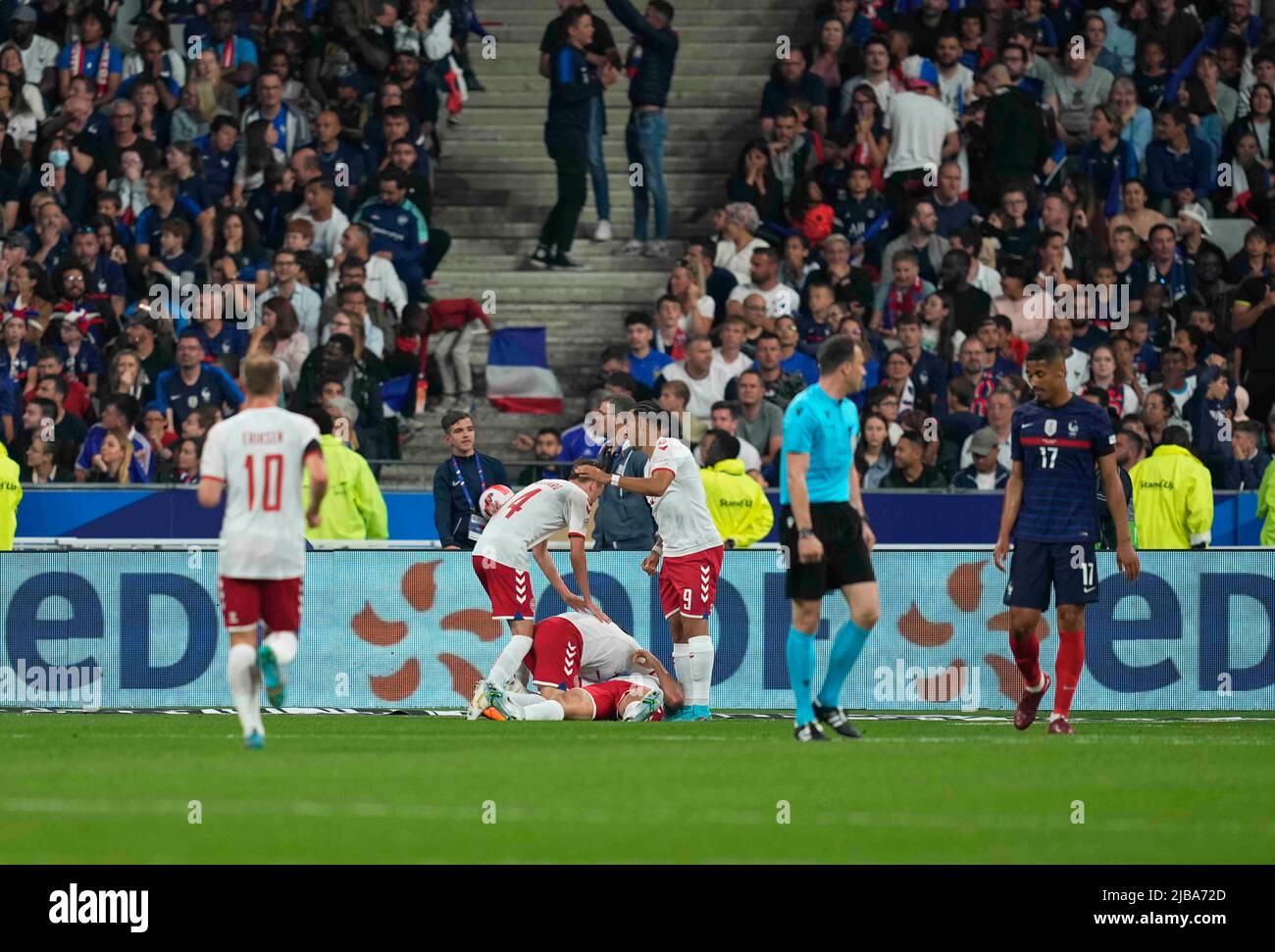 Stade de France, Parigi, Francia. 3rd giugno 2022. Andreas Cornelius festeggia il suo secondo gol durante la Francia contro la Danimarca, la fase del gruppo della Lega delle Nazioni UEFA allo Stade de France, Parigi, Francia. Ulrik Pedersen/CSM/Alamy Live News Foto Stock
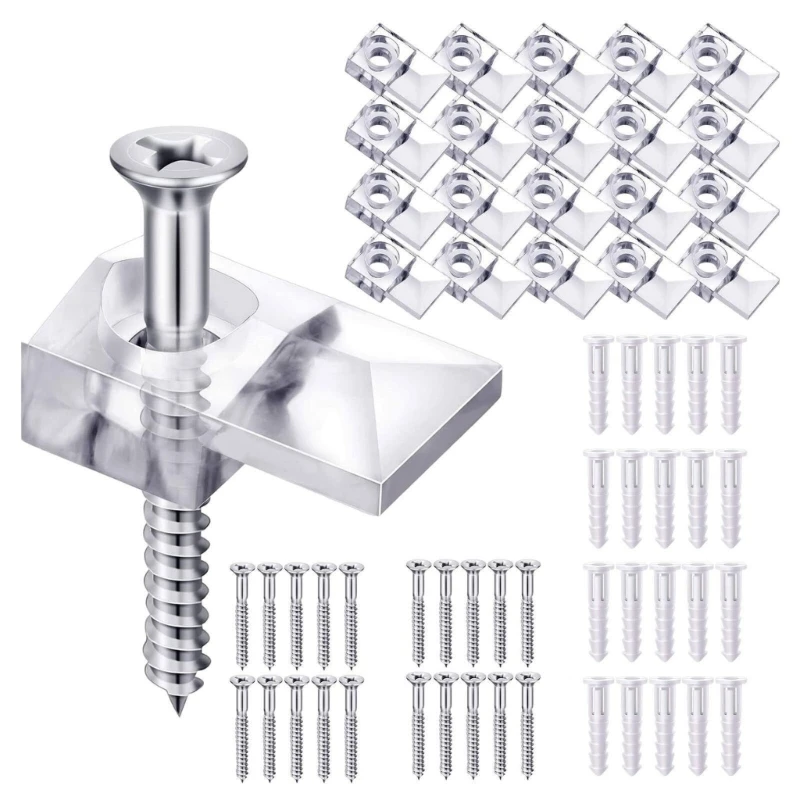 

20/40Pcs Mirror Mounting Clips Clear Plastic Mirror Holder Clips Mirror Mounting Hanging Clip with Screw Wall Hardware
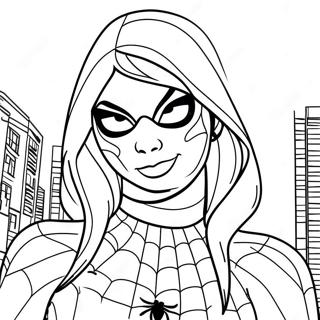 Gwen Stacy In Spider Man Costume Coloring Page 20902-16820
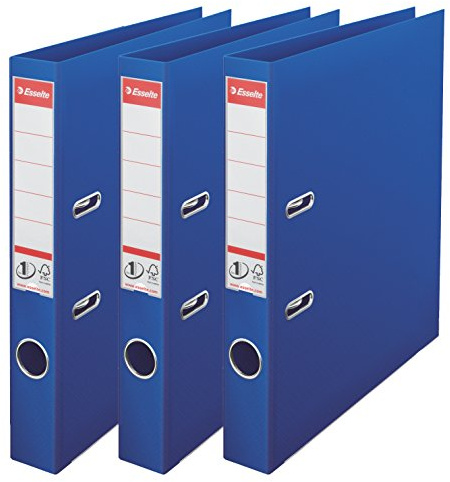 Esselte N°1 Set of 3 Power Lever Arch Files 50 mm Spine Bright Blue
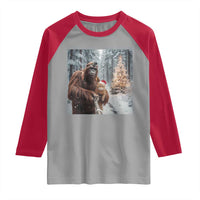 Funny Bigfoot With Cat Selfie Christmas Raglan Shirt - Wonder Print Shop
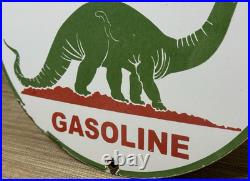 Vintage Sinclair Gasoline Porcelain Sign Dealership Gas Station Dino Motor Oil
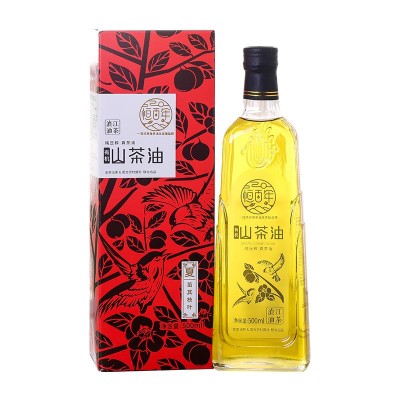 恒百年500ml山茶籽油有机食用油礼盒套装纯冷压榨油有机山茶油图5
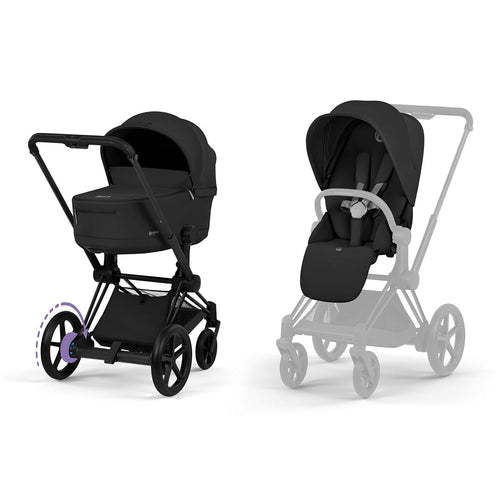 CYBEX e-PRIAM Pushchair & Fold Cot - Comfort - Sepia Black/Black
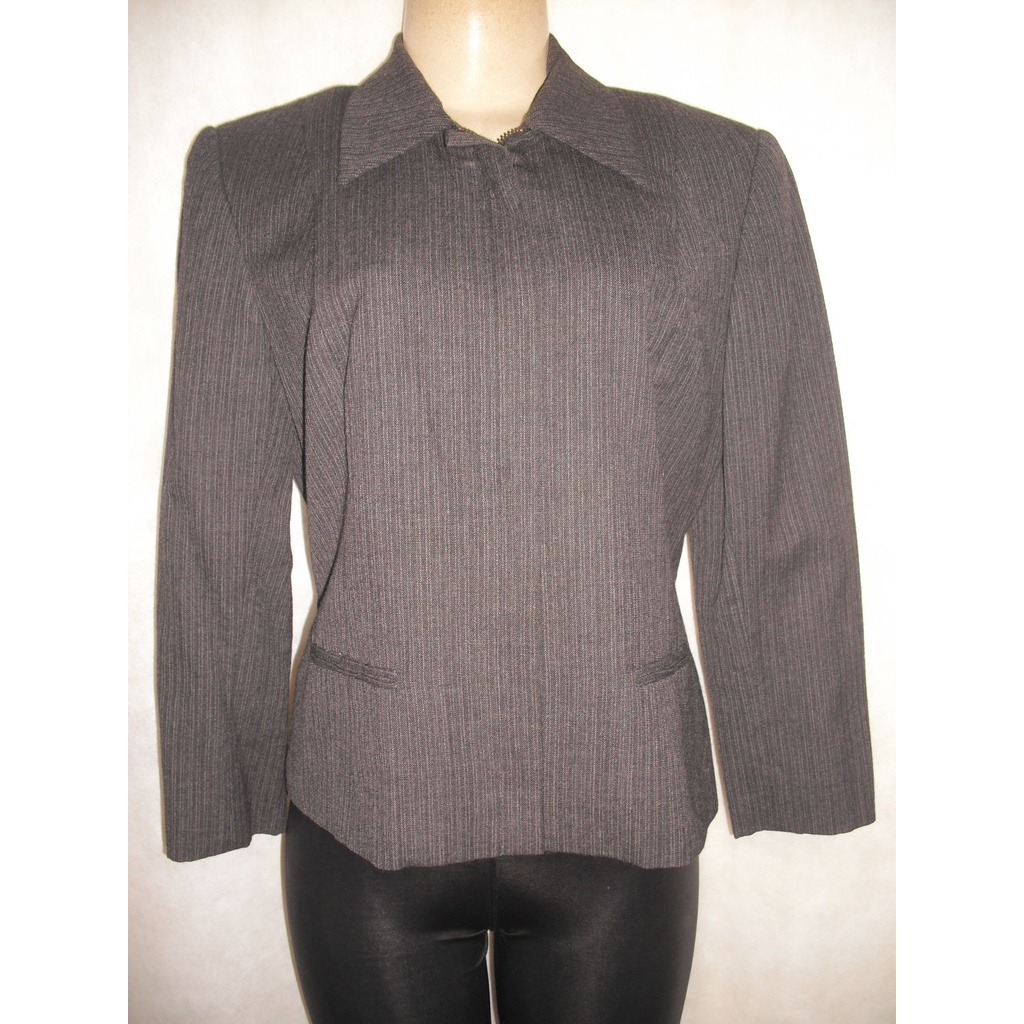 Casaco Blazer Preto Makenji Tam M 42 Forrado Lã Listrado Usado Bom Estado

——————————

### TO DO
Copy out the listing above from the line containing "Gwen Stacy In" to the line containing "CYBEX e-PRIAM Pushchair", both included, exactly as written and minus the images.

### ANSWER TO THE PROBLEM
 Gwen Stacy In Spider Man Costume Coloring Page 20902-16820
 Esselte N°1 Set of 3 Power Lever Arch Files 50 mm Spine Bright Blue
 Funny Bigfoot With Cat Selfie Christmas Raglan Shirt - Wonder Print Shop
 Vintage Sinclair Gasoline Porcelain Sign Dealership Gas Station Dino Motor Oil
 恒百年500ml山茶籽油有机食用油礼盒套装纯冷压榨油有机山茶油图5
 CYBEX e-PRIAM Pushchair & Fold Cot - Comfort - Sepia Black/Black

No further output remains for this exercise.